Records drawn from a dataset
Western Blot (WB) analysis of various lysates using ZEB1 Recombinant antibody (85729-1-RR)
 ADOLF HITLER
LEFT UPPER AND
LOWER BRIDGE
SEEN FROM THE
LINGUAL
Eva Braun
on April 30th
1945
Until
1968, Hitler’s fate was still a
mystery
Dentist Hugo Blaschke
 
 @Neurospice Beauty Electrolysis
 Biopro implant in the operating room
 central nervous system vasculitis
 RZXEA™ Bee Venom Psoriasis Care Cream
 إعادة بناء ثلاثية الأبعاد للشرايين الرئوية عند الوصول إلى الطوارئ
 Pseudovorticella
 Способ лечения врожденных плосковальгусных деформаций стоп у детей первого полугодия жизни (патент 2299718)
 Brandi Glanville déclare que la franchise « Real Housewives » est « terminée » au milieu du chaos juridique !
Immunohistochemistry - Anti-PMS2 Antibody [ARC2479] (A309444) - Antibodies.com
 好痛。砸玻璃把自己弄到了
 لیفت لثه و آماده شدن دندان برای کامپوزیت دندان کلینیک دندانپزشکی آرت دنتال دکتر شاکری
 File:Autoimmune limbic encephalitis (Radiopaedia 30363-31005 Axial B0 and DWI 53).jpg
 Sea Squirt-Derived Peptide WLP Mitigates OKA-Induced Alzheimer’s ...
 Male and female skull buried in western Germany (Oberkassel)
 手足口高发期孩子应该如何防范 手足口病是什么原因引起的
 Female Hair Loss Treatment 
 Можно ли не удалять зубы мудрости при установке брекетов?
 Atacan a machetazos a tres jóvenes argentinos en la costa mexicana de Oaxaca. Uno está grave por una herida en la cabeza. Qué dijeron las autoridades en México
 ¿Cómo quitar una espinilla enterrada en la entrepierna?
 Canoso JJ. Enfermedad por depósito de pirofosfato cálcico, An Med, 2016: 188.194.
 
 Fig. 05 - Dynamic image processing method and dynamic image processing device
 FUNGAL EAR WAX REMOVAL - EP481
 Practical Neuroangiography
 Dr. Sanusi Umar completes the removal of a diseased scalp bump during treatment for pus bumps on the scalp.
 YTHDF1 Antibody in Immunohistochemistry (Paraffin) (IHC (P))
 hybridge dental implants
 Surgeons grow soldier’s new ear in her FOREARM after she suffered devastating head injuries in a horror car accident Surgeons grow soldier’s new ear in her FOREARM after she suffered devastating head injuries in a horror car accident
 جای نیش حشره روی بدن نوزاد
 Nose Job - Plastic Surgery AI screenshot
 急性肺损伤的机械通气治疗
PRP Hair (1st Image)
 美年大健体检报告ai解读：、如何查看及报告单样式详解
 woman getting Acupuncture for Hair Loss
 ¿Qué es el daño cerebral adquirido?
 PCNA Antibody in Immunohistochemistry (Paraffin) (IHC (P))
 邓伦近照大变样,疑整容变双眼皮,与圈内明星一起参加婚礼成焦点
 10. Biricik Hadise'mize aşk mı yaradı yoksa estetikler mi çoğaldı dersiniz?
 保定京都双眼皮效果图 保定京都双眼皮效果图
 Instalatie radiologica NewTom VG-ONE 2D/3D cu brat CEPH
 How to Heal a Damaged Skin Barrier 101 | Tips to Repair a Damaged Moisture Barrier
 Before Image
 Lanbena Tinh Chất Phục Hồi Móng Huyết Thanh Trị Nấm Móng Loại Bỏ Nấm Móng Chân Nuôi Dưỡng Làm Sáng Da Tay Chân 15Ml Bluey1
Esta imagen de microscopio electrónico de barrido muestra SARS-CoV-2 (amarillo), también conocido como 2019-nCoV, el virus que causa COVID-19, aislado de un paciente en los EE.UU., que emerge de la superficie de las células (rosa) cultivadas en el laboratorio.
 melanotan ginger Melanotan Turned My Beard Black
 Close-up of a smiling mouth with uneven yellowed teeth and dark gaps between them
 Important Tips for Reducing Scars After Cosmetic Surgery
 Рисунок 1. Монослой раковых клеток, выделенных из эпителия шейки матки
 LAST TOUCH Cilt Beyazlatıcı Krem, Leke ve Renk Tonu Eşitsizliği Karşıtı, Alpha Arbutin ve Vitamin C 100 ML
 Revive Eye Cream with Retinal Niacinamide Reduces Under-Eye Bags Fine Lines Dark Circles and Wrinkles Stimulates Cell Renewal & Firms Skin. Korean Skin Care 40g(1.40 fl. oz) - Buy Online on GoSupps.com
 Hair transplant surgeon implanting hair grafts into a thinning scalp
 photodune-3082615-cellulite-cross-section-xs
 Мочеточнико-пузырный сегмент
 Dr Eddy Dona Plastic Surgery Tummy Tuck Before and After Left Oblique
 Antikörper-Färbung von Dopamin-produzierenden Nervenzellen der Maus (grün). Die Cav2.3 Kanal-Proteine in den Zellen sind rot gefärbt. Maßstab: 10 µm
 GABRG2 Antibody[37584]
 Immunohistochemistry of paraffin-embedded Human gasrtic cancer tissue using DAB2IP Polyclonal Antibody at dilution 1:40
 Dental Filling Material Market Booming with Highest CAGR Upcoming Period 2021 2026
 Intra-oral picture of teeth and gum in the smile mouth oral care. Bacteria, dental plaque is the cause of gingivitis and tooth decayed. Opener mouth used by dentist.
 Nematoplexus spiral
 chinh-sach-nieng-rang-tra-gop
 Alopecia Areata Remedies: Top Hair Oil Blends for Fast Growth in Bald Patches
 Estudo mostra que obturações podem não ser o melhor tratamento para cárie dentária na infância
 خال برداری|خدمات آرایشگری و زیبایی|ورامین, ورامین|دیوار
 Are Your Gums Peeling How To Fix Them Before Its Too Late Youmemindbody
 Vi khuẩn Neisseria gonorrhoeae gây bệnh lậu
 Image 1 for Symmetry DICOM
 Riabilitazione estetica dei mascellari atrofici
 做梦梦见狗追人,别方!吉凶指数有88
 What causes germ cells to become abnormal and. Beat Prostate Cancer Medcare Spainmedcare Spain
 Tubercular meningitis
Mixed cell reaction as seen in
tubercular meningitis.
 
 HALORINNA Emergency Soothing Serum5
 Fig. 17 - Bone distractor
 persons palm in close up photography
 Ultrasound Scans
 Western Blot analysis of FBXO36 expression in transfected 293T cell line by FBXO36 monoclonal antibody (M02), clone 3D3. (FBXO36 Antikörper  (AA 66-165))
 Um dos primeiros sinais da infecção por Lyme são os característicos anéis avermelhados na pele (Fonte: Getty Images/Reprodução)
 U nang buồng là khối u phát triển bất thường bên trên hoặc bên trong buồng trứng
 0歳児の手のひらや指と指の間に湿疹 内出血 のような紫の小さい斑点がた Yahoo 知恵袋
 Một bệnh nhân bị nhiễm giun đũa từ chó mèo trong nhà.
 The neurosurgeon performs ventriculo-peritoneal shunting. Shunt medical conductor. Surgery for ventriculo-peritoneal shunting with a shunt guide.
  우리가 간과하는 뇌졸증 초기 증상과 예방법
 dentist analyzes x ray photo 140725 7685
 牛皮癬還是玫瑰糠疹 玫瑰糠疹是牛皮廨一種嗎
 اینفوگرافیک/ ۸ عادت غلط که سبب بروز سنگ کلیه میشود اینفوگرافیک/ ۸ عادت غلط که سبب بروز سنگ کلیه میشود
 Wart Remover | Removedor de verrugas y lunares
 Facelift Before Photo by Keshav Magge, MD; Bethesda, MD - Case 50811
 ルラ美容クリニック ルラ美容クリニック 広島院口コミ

_TASK GOAL_. Return, exactly, the lines from the first line of the records above to the line containing "Atacan a machetazos", both included.

_ANSWER BOX_.
Western Blot (WB) analysis of various lysates using ZEB1 Recombinant antibody (85729-1-RR)
 ADOLF HITLER
LEFT UPPER AND
LOWER BRIDGE
SEEN FROM THE
LINGUAL
Eva Braun
on April 30th
1945
Until
1968, Hitler’s fate was still a
mystery
Dentist Hugo Blaschke
 
 @Neurospice Beauty Electrolysis
 Biopro implant in the operating room
 central nervous system vasculitis
 RZXEA™ Bee Venom Psoriasis Care Cream
 إعادة بناء ثلاثية الأبعاد للشرايين الرئوية عند الوصول إلى الطوارئ
 Pseudovorticella
 Способ лечения врожденных плосковальгусных деформаций стоп у детей первого полугодия жизни (патент 2299718)
 Brandi Glanville déclare que la franchise « Real Housewives » est « terminée » au milieu du chaos juridique !
Immunohistochemistry - Anti-PMS2 Antibody [ARC2479] (A309444) - Antibodies.com
 好痛。砸玻璃把自己弄到了
 لیفت لثه و آماده شدن دندان برای کامپوزیت دندان کلینیک دندانپزشکی آرت دنتال دکتر شاکری
 File:Autoimmune limbic encephalitis (Radiopaedia 30363-31005 Axial B0 and DWI 53).jpg
 Sea Squirt-Derived Peptide WLP Mitigates OKA-Induced Alzheimer’s ...
 Male and female skull buried in western Germany (Oberkassel)
 手足口高发期孩子应该如何防范 手足口病是什么原因引起的
 Female Hair Loss Treatment 
 Можно ли не удалять зубы мудрости при установке брекетов?
 Atacan a machetazos a tres jóvenes argentinos en la costa mexicana de Oaxaca. Uno está grave por una herida en la cabeza. Qué dijeron las autoridades en México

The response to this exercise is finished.